WHAT IS EXPECTED
Given the entries below, would you transcribe exactly the lines starting at the one with "A man is pressing" and ending at the one with "uma cozinha e", both kept, pictures omitted, nothing extra?

------ DATASET CONTENT

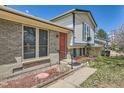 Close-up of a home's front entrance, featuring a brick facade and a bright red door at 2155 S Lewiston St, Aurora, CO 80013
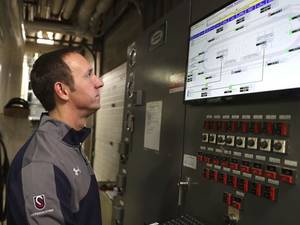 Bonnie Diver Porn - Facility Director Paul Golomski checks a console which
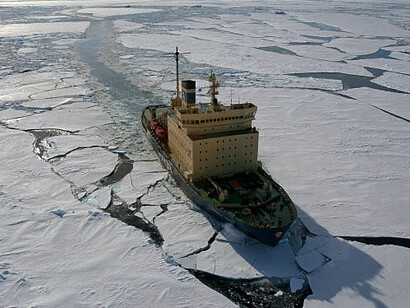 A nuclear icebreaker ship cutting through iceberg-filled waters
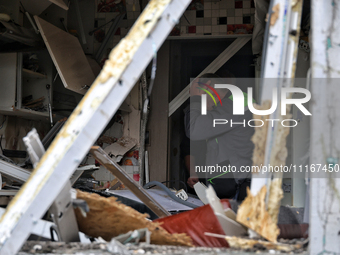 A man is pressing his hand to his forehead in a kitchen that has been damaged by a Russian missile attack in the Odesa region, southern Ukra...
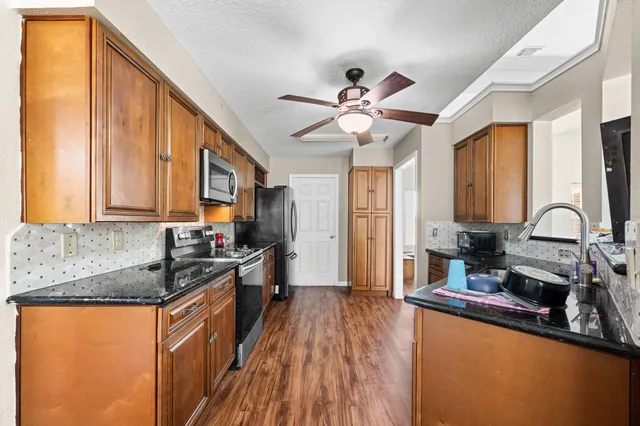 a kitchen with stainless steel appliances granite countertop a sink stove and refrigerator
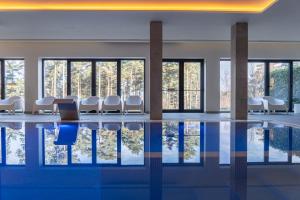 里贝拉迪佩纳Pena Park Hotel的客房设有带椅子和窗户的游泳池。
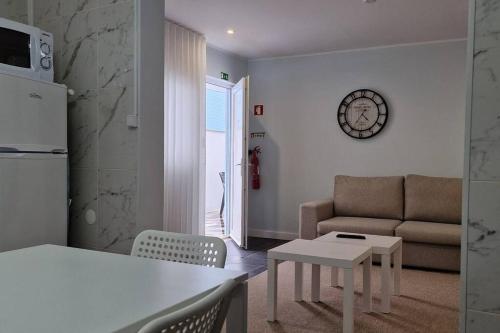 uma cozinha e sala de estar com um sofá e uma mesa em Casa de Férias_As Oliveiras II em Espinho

------------
------ DATASET CONTENT

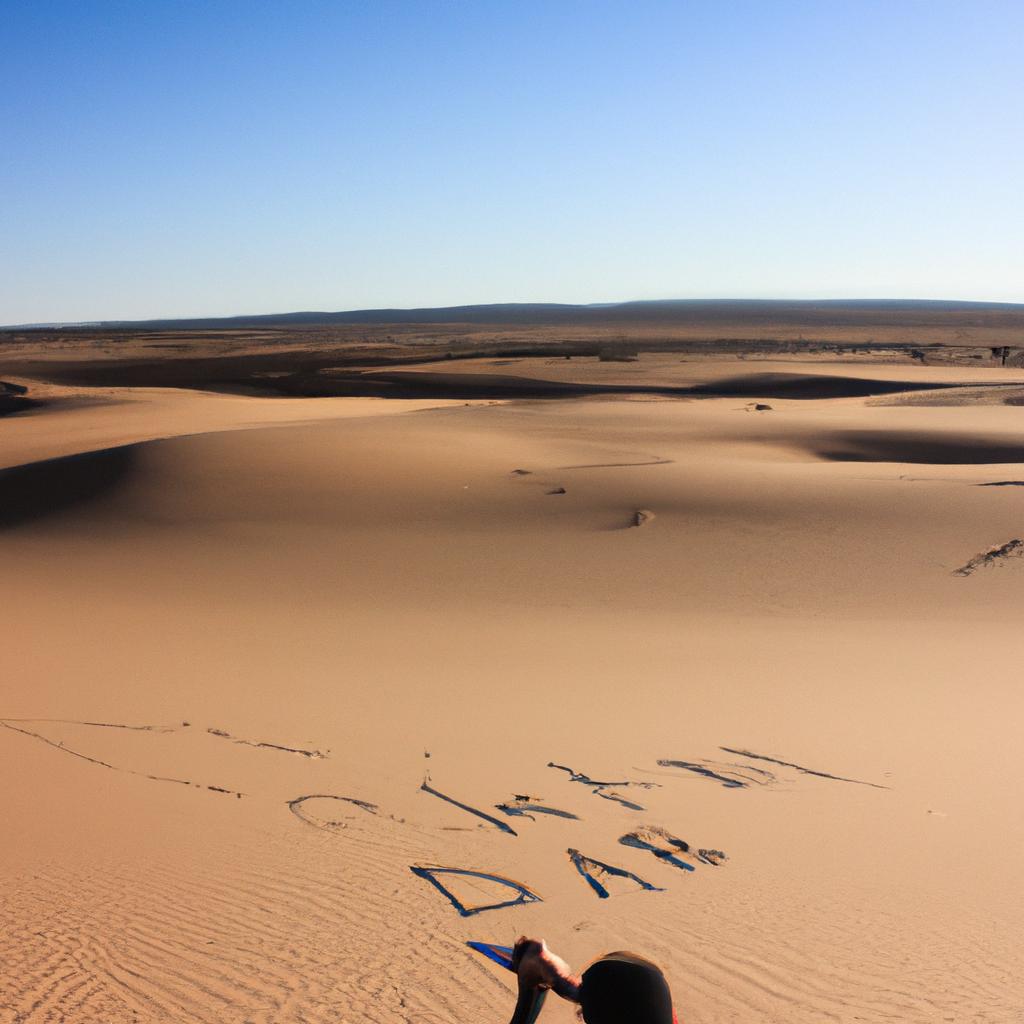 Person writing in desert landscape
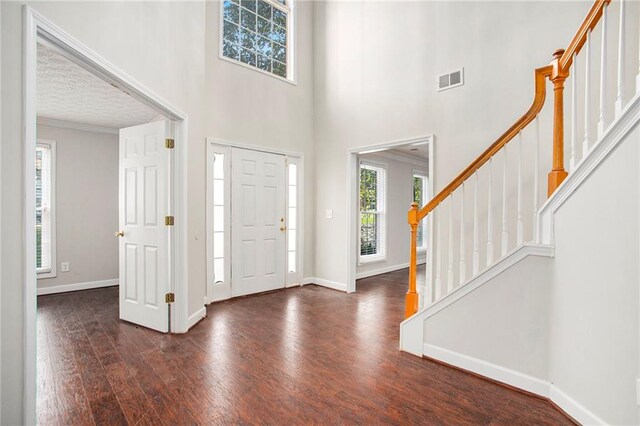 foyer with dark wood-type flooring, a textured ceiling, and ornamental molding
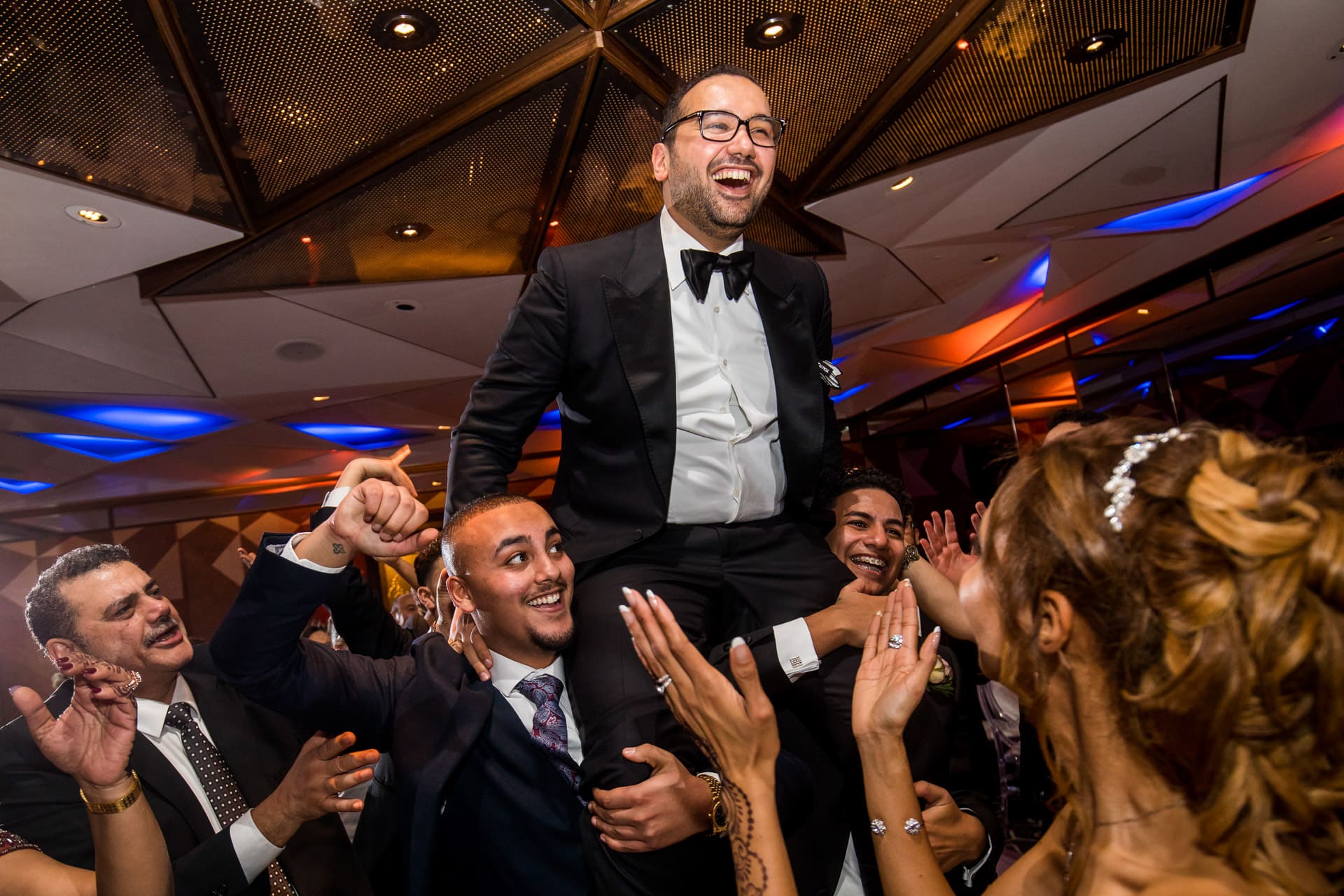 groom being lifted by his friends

------------

ANSWER TO THE PROBLEM
 A man is pressing his hand to his forehead in a kitchen that has been damaged by a Russian missile attack in the Odesa region, southern Ukra...
 a kitchen with stainless steel appliances granite countertop a sink stove and refrigerator
 里贝拉迪佩纳Pena Park Hotel的客房设有带椅子和窗户的游泳池。
 uma cozinha e sala de estar com um sofá e uma mesa em Casa de Férias_As Oliveiras II em Espinho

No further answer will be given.